Records provided =>
────────────────
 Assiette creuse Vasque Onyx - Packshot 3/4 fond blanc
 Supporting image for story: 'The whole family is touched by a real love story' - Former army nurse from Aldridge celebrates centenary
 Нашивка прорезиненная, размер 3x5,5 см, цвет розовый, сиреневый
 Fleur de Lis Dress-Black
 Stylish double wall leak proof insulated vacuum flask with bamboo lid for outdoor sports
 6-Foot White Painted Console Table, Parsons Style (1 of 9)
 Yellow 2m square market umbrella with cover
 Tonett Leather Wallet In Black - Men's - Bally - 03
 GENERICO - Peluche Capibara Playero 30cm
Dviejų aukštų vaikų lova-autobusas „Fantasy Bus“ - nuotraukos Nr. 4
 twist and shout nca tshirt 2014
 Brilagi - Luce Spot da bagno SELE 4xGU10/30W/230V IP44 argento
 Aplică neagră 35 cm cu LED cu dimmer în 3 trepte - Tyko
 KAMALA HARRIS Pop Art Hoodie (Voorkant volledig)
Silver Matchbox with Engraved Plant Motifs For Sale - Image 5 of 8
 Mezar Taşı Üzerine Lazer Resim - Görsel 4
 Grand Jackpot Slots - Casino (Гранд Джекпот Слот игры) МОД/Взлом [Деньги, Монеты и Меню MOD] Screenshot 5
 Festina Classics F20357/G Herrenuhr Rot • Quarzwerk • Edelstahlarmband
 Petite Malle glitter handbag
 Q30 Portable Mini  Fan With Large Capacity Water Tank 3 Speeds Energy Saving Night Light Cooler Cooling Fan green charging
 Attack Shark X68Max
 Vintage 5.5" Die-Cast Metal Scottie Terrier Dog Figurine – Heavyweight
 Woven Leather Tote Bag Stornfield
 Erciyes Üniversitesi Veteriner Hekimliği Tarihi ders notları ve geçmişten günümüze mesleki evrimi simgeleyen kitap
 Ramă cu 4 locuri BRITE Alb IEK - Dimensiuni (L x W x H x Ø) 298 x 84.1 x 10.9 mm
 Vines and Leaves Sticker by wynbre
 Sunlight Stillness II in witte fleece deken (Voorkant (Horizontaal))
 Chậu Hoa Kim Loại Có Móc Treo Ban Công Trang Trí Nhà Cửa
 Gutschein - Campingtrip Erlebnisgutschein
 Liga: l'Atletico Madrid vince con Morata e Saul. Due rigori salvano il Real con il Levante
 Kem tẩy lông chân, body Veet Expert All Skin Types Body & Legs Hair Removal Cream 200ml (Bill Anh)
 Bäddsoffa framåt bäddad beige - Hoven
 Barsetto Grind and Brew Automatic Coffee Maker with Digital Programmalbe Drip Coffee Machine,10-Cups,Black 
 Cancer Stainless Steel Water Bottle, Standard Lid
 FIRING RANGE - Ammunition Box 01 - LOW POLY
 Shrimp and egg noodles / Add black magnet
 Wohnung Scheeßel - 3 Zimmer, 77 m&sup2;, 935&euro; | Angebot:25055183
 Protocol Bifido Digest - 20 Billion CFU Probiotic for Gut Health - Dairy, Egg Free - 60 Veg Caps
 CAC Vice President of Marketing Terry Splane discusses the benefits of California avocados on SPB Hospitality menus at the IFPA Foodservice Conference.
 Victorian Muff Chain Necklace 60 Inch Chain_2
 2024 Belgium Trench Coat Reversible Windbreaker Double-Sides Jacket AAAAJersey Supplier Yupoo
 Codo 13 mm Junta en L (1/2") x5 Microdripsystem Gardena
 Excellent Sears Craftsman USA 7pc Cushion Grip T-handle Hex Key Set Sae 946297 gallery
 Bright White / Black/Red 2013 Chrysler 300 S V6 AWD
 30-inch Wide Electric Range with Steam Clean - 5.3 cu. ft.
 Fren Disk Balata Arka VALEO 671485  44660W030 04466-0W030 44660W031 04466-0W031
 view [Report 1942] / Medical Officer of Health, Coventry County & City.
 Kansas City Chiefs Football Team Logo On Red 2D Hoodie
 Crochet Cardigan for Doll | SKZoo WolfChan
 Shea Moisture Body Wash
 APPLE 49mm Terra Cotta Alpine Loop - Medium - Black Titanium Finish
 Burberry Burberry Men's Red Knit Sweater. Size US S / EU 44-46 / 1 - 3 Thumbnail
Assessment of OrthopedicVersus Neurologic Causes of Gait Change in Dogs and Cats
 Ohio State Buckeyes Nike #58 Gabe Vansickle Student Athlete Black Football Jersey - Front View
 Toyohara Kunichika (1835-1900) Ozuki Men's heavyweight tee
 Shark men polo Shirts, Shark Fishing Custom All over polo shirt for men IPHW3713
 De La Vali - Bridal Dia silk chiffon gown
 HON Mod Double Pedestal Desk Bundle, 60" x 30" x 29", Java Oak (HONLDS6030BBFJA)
────────────────
Action item =>
Your task is to quote, without any alteration, the lines running from the top of the records to the line that holds "Mezar Taşı Üzerine Lazer Resim - Görsel 4", both included.

Reply to the task =>
 Assiette creuse Vasque Onyx - Packshot 3/4 fond blanc
 Supporting image for story: 'The whole family is touched by a real love story' - Former army nurse from Aldridge celebrates centenary
 Нашивка прорезиненная, размер 3x5,5 см, цвет розовый, сиреневый
 Fleur de Lis Dress-Black
 Stylish double wall leak proof insulated vacuum flask with bamboo lid for outdoor sports
 6-Foot White Painted Console Table, Parsons Style (1 of 9)
 Yellow 2m square market umbrella with cover
 Tonett Leather Wallet In Black - Men's - Bally - 03
 GENERICO - Peluche Capibara Playero 30cm
Dviejų aukštų vaikų lova-autobusas „Fantasy Bus“ - nuotraukos Nr. 4
 twist and shout nca tshirt 2014
 Brilagi - Luce Spot da bagno SELE 4xGU10/30W/230V IP44 argento
 Aplică neagră 35 cm cu LED cu dimmer în 3 trepte - Tyko
 KAMALA HARRIS Pop Art Hoodie (Voorkant volledig)
Silver Matchbox with Engraved Plant Motifs For Sale - Image 5 of 8
 Mezar Taşı Üzerine Lazer Resim - Görsel 4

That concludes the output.